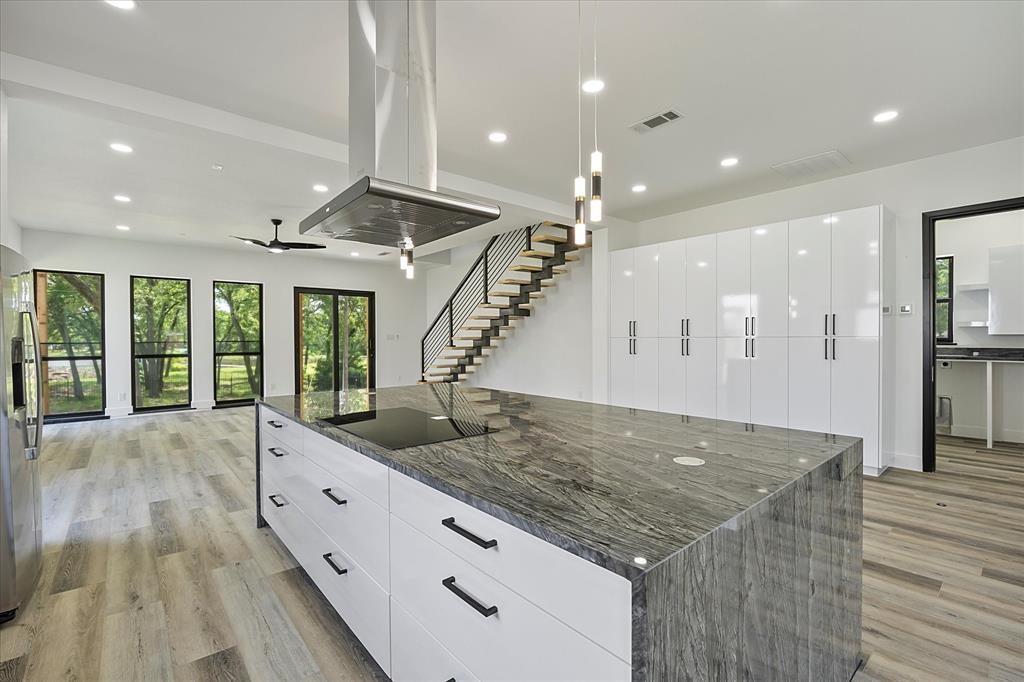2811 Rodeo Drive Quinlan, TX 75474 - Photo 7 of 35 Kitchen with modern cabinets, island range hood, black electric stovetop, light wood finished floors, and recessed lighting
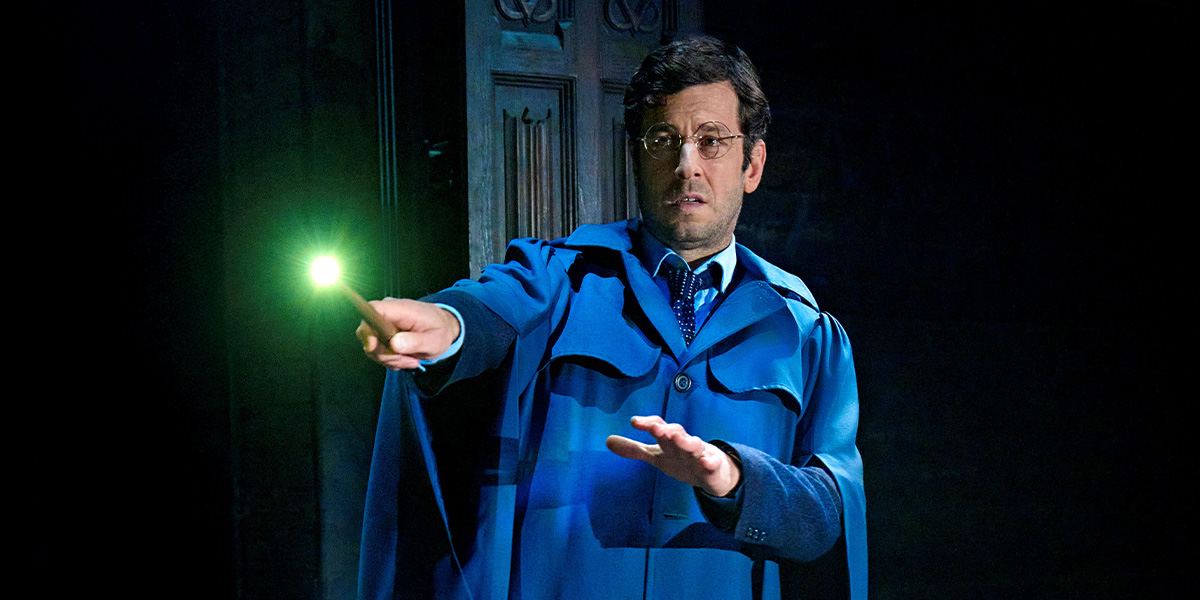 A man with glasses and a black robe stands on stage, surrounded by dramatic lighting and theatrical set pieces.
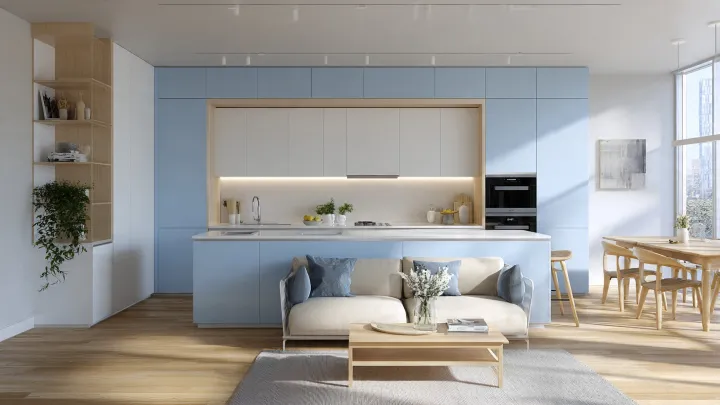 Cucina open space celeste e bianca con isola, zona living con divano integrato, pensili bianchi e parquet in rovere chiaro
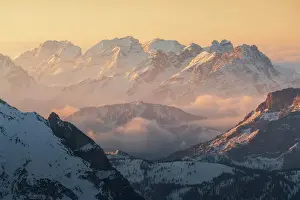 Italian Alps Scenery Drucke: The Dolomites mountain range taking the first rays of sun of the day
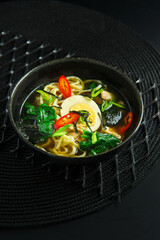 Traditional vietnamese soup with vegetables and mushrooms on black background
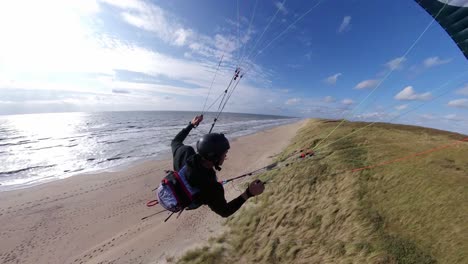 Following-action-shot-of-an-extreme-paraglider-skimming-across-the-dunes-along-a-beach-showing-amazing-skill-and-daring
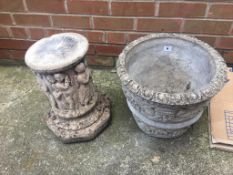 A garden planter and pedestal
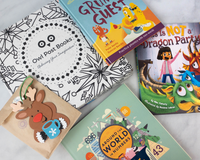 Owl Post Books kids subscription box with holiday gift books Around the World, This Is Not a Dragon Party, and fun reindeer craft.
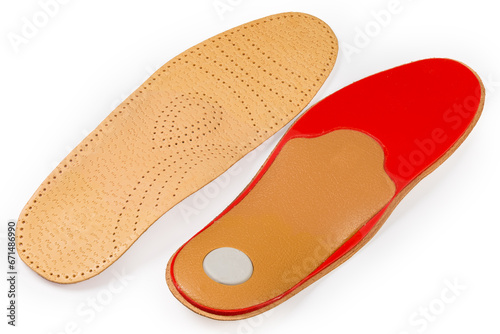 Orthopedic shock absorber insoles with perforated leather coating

--------------------------------------------------

*What this task involves*: Return nothing except the lines from the one containing "Traditional vietnamese soup" through the final line of the data, copied exactly. Leave out all pictures.

*Written reply*:
 Traditional vietnamese soup with vegetables and mushrooms on black background
 Following-action-shot-of-an-extreme-paraglider-skimming-across-the-dunes-along-a-beach-showing-amazing-skill-and-daring
 A garden planter and pedestal
 Owl Post Books kids subscription box with holiday gift books Around the World, This Is Not a Dragon Party, and fun reindeer craft.
 Orthopedic shock absorber insoles with perforated leather coating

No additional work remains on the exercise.